Large-scale ocean cycles play a major role in determining when and where droughts strike. The El Niño-Southern Oscillation, or ENSO, is the most influential. During La Niña phases, the eastern Pacific cools, pulling moisture away from places like Ecuador, Peru, and the southeastern United States. El Niño shifts the pattern, bringing drought to Australia, Southeast Asia, and parts of southern Africa. These cycles don’t cause drought on their own, but they amplify existing vulnerabilities in regions that are already dry.
Rising global temperatures are layering additional stress on top of these natural patterns. Higher temperatures increase evaporation from soil and reservoirs, meaning that even if rainfall stays the same, the land effectively receives less usable water. The IPCC’s latest assessment found that every additional 0.5°C of global warming produces measurable increases in the intensity and frequency of agricultural and ecological droughts across multiple regions. Areas flagged for the steepest increases include western and central North America, the Mediterranean, southwestern and eastern southern Africa, Madagascar, and southern and eastern Australia.

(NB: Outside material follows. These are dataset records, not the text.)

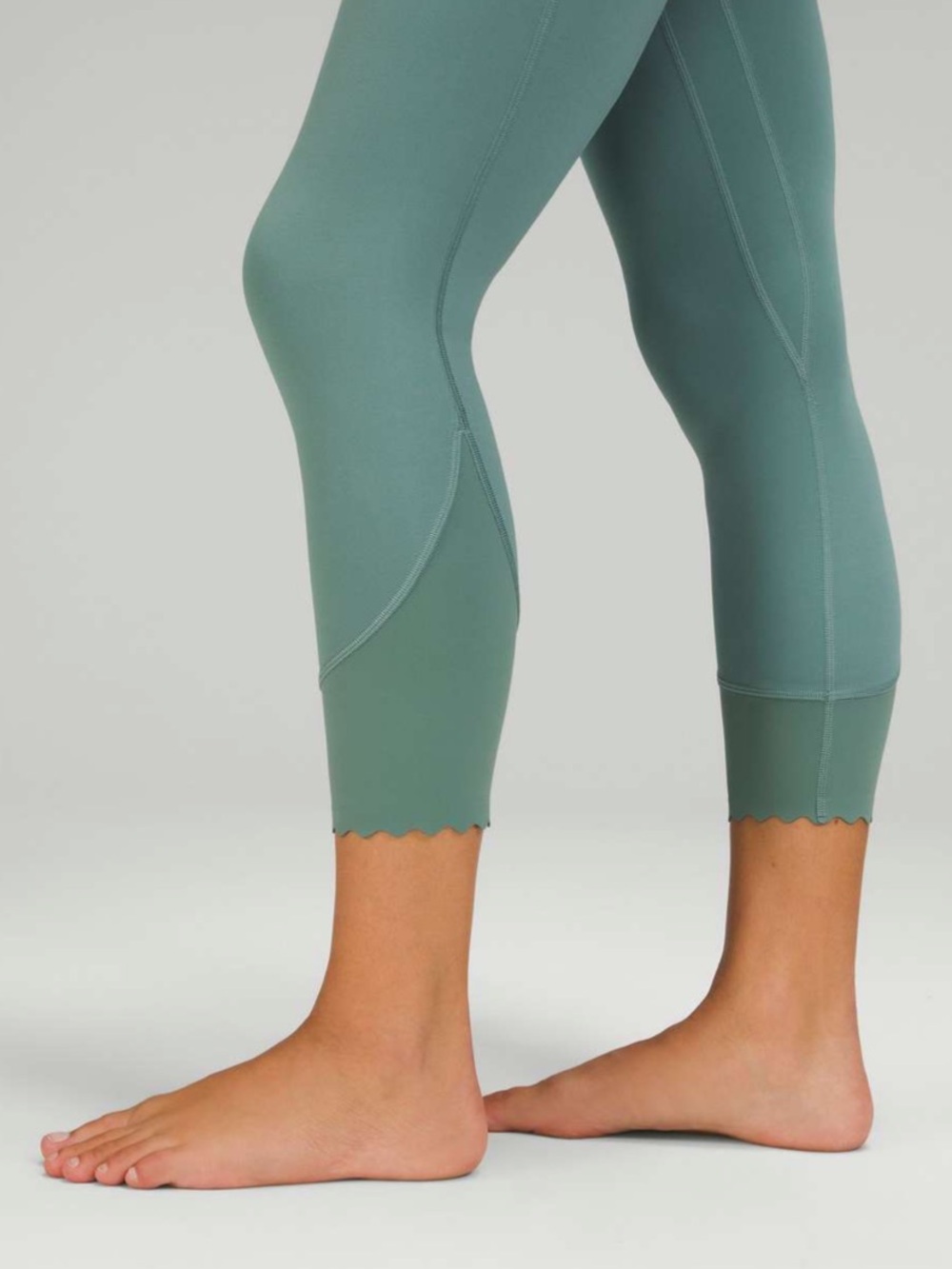 Lululemon align scalloped hem high rise crop 23” nulu 6 tidewater teal 2022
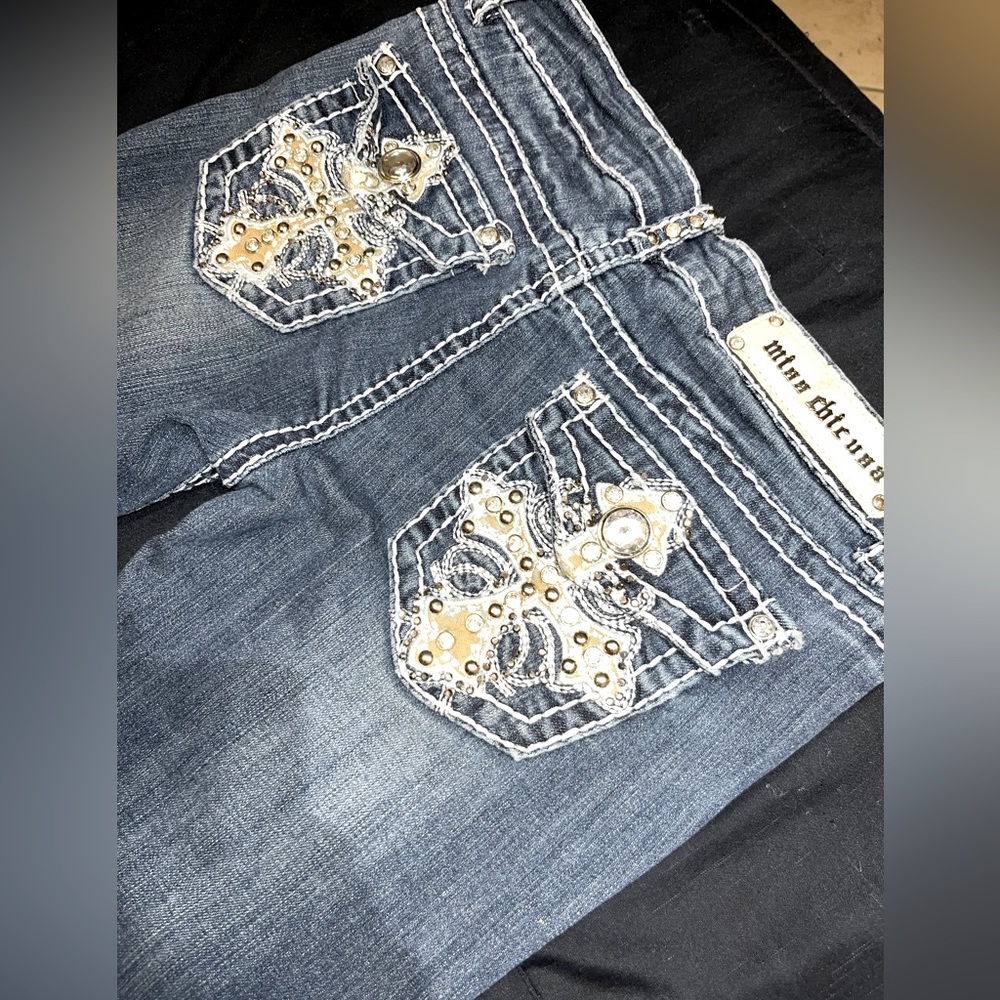 Ankle cut jeans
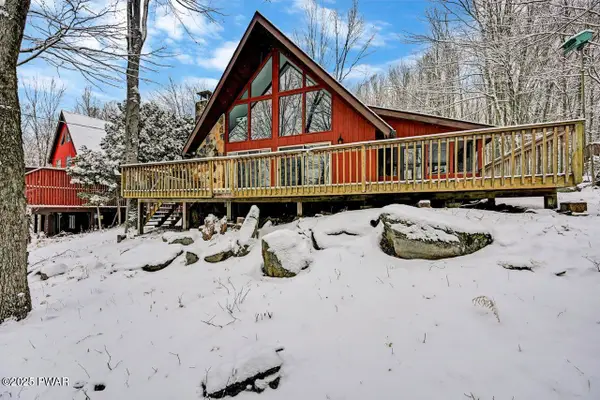 529 Lakeview Drive E, Lake Ariel, PA 18436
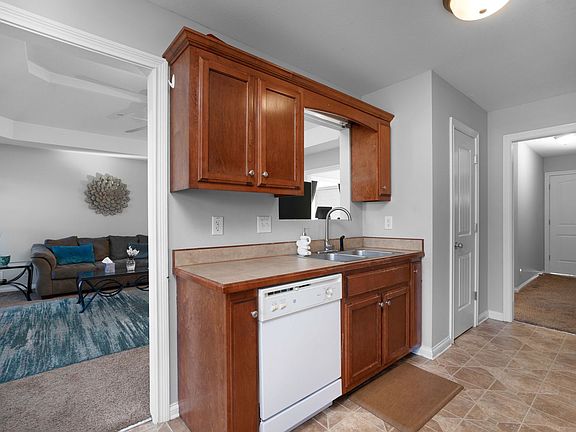 4th image of 3921 Gaine Dr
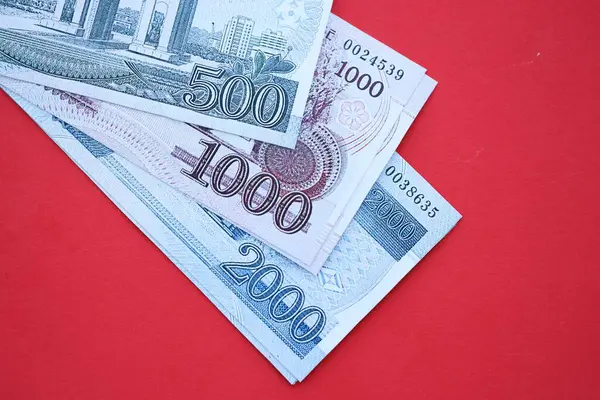 Kuzey Kore büyük miktarlarda para kazandı. Yakın plan kırmızı masada yatıyor. Finans ve bankacılık kavramı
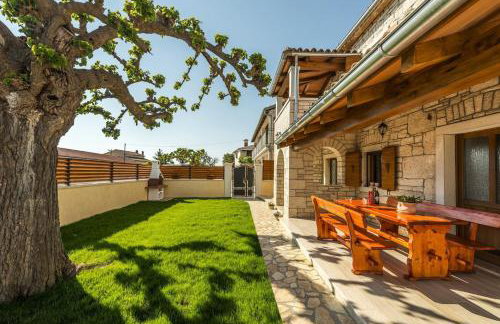 Villa Natale with Private Pool and Garden - Foto 5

The Mediterranean and Southern Europe
The Mediterranean basin is projected to be one of the fastest-drying regions in the world over the coming decades. Southern Spain, Italy, Greece, Turkey, and North Africa already experience hot, rainless summers, and winter rainfall, the season these areas depend on to recharge reservoirs and groundwater, has been declining. The IPCC projects increases in both the frequency and severity of agricultural drought across the Mediterranean with medium to high confidence. Parts of southern Europe are warming at roughly 1.5 to 2 times the global average rate during their hottest periods, accelerating soil moisture loss.
South America’s Vulnerable Zones
Brazil’s northeast, one of the most densely populated semi-arid regions in the world, has a long history of devastating droughts. The South American Monsoon region is also projected to see some of the highest increases in extreme heat, at 1.5 to 2 times the global warming rate, which compounds drought severity even during years with near-normal rainfall. Southwestern South America, including central Chile and western Argentina, has experienced a prolonged dry spell since roughly 2010 that mirrors the megadrought dynamics seen in the American West.
Half of the world’s 100 largest cities now sit in high water stress areas, a measure of how much available freshwater is being consumed relative to supply. The cities most at risk tend to cluster in exactly the regions outlined above: the Middle East, South Asia, sub-Saharan Africa, and the drier parts of the Americas. As these metropolitan areas continue to grow, the gap between water demand and drought-reduced supply is narrowing in ways that affect not just agriculture but the daily lives of hundreds of millions of urban residents.